Re: Vacuum I/O throttling

From
Tom Lane
Date:
Guy Thornley <guy@esphion.com> writes:
> Below is a patch for the lazy vacuum. It implements a simple I/O throttle so
> boxen arnt killed for hours a day when VACUUM runs.

Wasn't this idea tried and rejected already?  You haven't given us any
information about actual performance.

> The usleep() could be replaced with a select() call with a timeout an no
> fd_set's to aid portability..

usleep is not portable, AFAIR.

            regards, tom lane

Re: Vacuum I/O throttling

From
Bruce Momjian
Date:
Tom Lane wrote:
> Guy Thornley <guy@esphion.com> writes:
> > Below is a patch for the lazy vacuum. It implements a simple I/O throttle so
> > boxen arnt killed for hours a day when VACUUM runs.
>
> Wasn't this idea tried and rejected already?  You haven't given us any
> information about actual performance.

What would be more valuable would be if VACUUM ran only when it know it
could reap a certain number of tuples, or there where FSM need for those
tuples.

--
  Bruce Momjian                        |  http://candle.pha.pa.us
  pgman@candle.pha.pa.us               |  (610) 359-1001
  +  If your life is a hard drive,     |  13 Roberts Road
  +  Christ can be your backup.        |  Newtown Square, Pennsylvania 19073

Re: Vacuum I/O throttling

From
Guy Thornley
Date:
On Mon, Sep 01, 2003 at 09:05:33AM -0400, Tom Lane wrote:
> Guy Thornley <guy@esphion.com> writes:
> > Below is a patch for the lazy vacuum. It implements a simple I/O throttle so
> > boxen arnt killed for hours a day when VACUUM runs.
>
> Wasn't this idea tried and rejected already?  You haven't given us any
> information about actual performance.
I don't know, sorry; when I looked at the archives I only saw posts about
tuning vacuums, memory usage, etc, and people griping about the way it nukes
the I/O system. I'm new here.

What sort of performance numbers are you looking for? Without the throttle,
I/O is nuked and other database activity takes an age, and with it, its much
happier?

More seriously, this patch isnt meant to actually deal with vacuumed tuples.
The application being developed by the company I am working for requires
24x7x365 unattended operation. Even if vacuum ran every 6 months, for the
transaction renumbering stuff, the way it nukes I/O is not acceptable.
Especially on (potentially) several-hundred gig databases.
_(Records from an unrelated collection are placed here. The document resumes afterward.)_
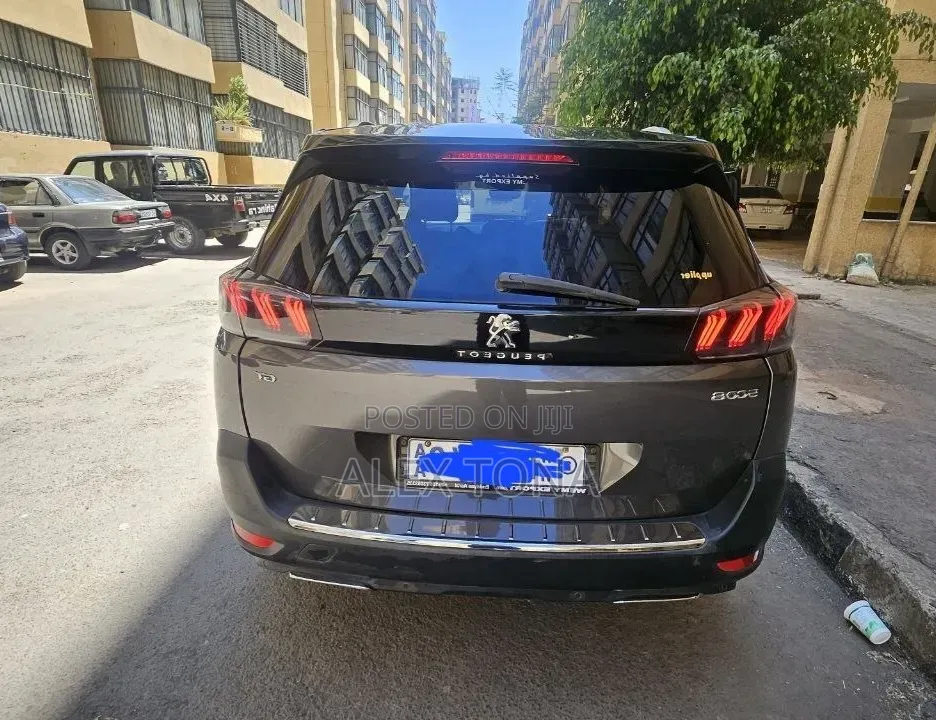 Peugeot 5008 2020 Gray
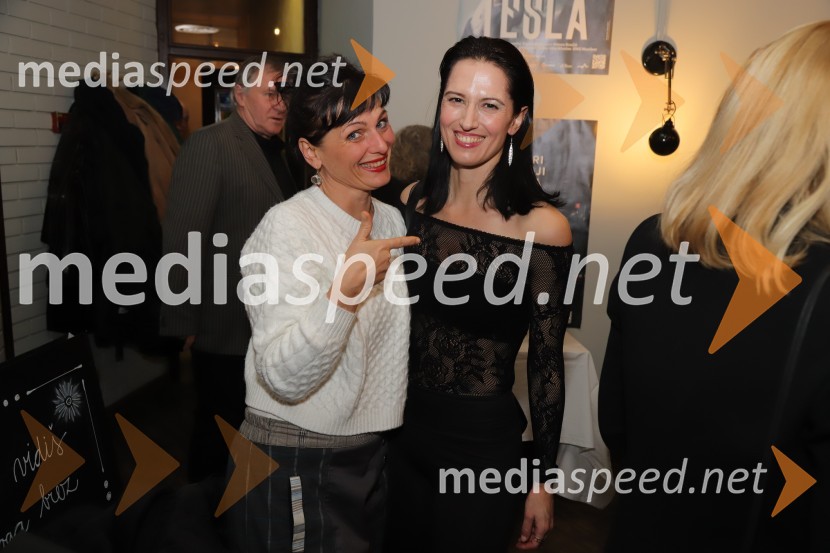  Mirjana Šajinović, igralka;  Eva Kraš, igralkaPod svobodnim soncem, premiera v SNG Maribor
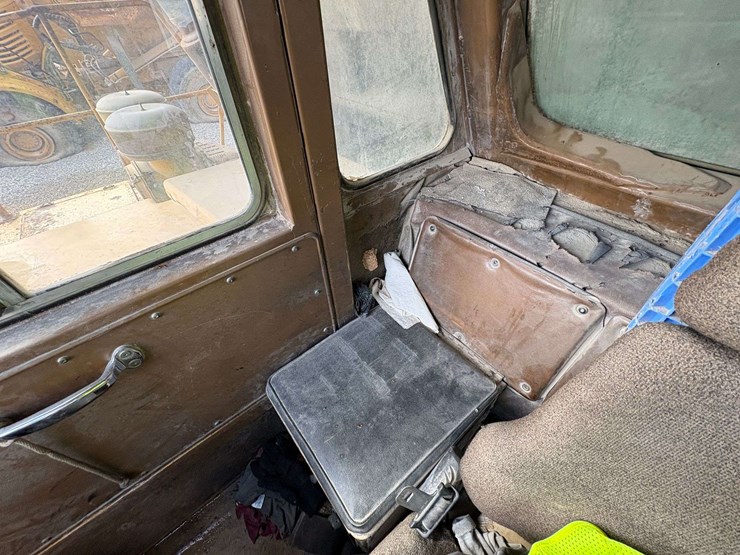 1992-caterpillar-773b-image-39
We are beginning to learn that "DBMS" and "unattended" dont belong in the
same sentence.

> > The usleep() could be replaced with a select() call with a timeout an no
> > fd_set's to aid portability..
>
> usleep is not portable, AFAIR.
>
>             regards, tom lane

Re: Vacuum I/O throttling

From
Tom Lane
Date:
Guy Thornley <guy@esphion.com> writes:
> What sort of performance numbers are you looking for? Without the throttle,
> I/O is nuked and other database activity takes an age, and with it, its much
> happier?

Some people say that VACUUM nukes their performance, and some don't
find it to be a problem.  AFAICT, it's only an issue if you have little
reserve disk bandwidth, which in itself is a dangerous situation for a
database that you don't want to pay attention to.

I don't want to sound like I'm rejecting your patch out of hand.  What
I do want is to get some idea of its range of usefulness.

> We are beginning to learn that "DBMS" and "unattended" dont belong in the
> same sentence.

"Unattended" and "running on the edge of your resources" don't play nice
together, for sure.

            regards, tom lane

Re: Vacuum I/O throttling]

From
Guy Thornley
Date:
On Tue, Sep 02, 2003 at 12:17:28AM -0400, Tom Lane wrote:
> Guy Thornley <guy@esphion.com> writes:
> > What sort of performance numbers are you looking for? Without the throttle,
> > I/O is nuked and other database activity takes an age, and with it, its much
> > happier?
>
> Some people say that VACUUM nukes their performance, and some don't
> find it to be a problem.  AFAICT, it's only an issue if you have little
> reserve disk bandwidth, which in itself is a dangerous situation for a
> database that you don't want to pay attention to.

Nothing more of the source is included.